The stress and constant uncertainty about our future is taking a huge toll, both physically and emotionally.

I am starting to crack around the edges. Keeping the facade of a happy home life with our children, family and friends is exhausting.

I worry that if I push my husband or try too hard, he will leave. I worry that if I don't keep trying so hard, he will leave.

What should I do?

— Sad Wife

DEAR SAD: I hate to second-guess your counselor, but in my view your counseling should focus more on your feelings, stress and sadness — and less on how to maintain the limbo state in your home.

If you manage to keep your husband in your home at this superficial level but crack under the pressure, your children will be denied an emotionally healthy mother.

Your goal should be to live an authentic and balanced life while not being the embarrassing object of your husband's indecision.

You might have to do the most difficult thing here and tell your husband that if he has no commitment to be in the marriage, then it's time to try a separation.

Your family's geometry may change, but your children can do well if you are calm, constant and consistently there for them.


DEAR AMY: We have family members who are the houseguests from hell. They walk into our home and it's total chaos, from dirty laundry to kids' toys everywhere. They stay for several days and it has become an almost monthly routine.
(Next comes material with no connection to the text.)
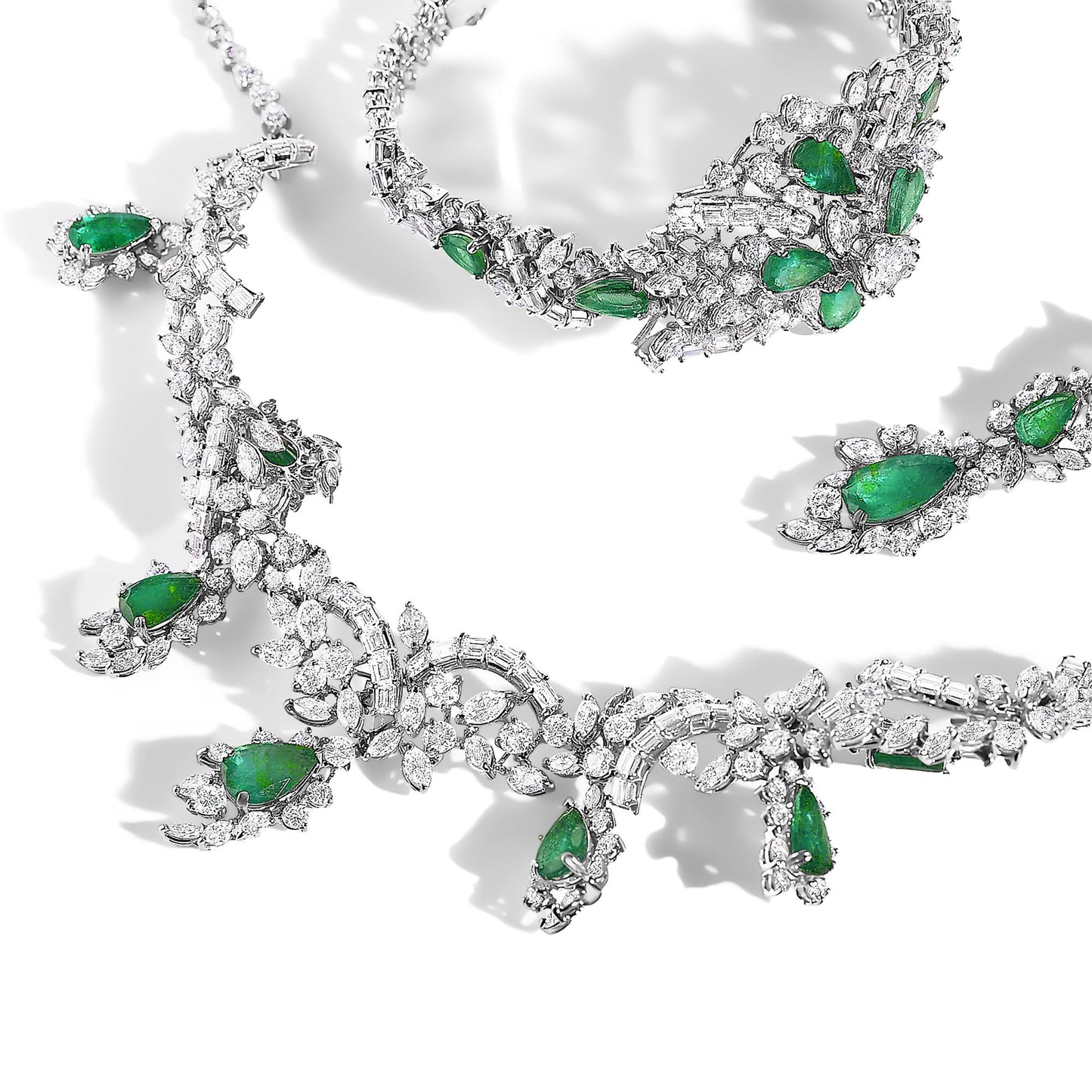 Set of jewelry pieces displayed in a flat lay, featuring white metal adorned with pear-shaped green gemstones and variously shaped white gemstones, including round, marquise, and baguette cuts, arranged in intricate patterns.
They do nothing to help. The father is consumed with killing the next squirrel, rabbit or bird, while the children are left to their own devices.

With the holidays just around the corner, we are dreading what's in store.

We've indicated that we wouldn't be home for the holidays and their response was, "We'll take care of your home while you're gone."

What should we do?

— Upset Family

DEAR FAMILY: Evidently, you're so passive that you would rather leave town than make a simple statement. Your family knows this and they are — hello — using you.

So try saying this: "We're sorry, but these visits are too hard on us and we can't have you stay at our house anymore. We'd like to invite you for the holiday dinner, but you're going to have to stay somewhere else."

They may be indignant. That's how people react when they lose their free hunting lodge. But you'll have to be clear and consistent, and they'll have to hunt for housing elsewhere.


DEAR AMY: You advised "Wondering" to chase off a potential boyfriend for killing a raccoon that invaded her yard.

Raccoons are transmitters of rabies, distemper and roundworm, which, for example, blinded a teenager in New York City. You can look it up on the Internet!

Your naive advice suggesting your writer should chase this person away for his alleged heartlessness is just silly.

— D in Denver

DEAR D: The real issue isn't how dangerous raccoons are, but how no one has the right to kill something — even vermin — on someone else's property without permission. You can look it up!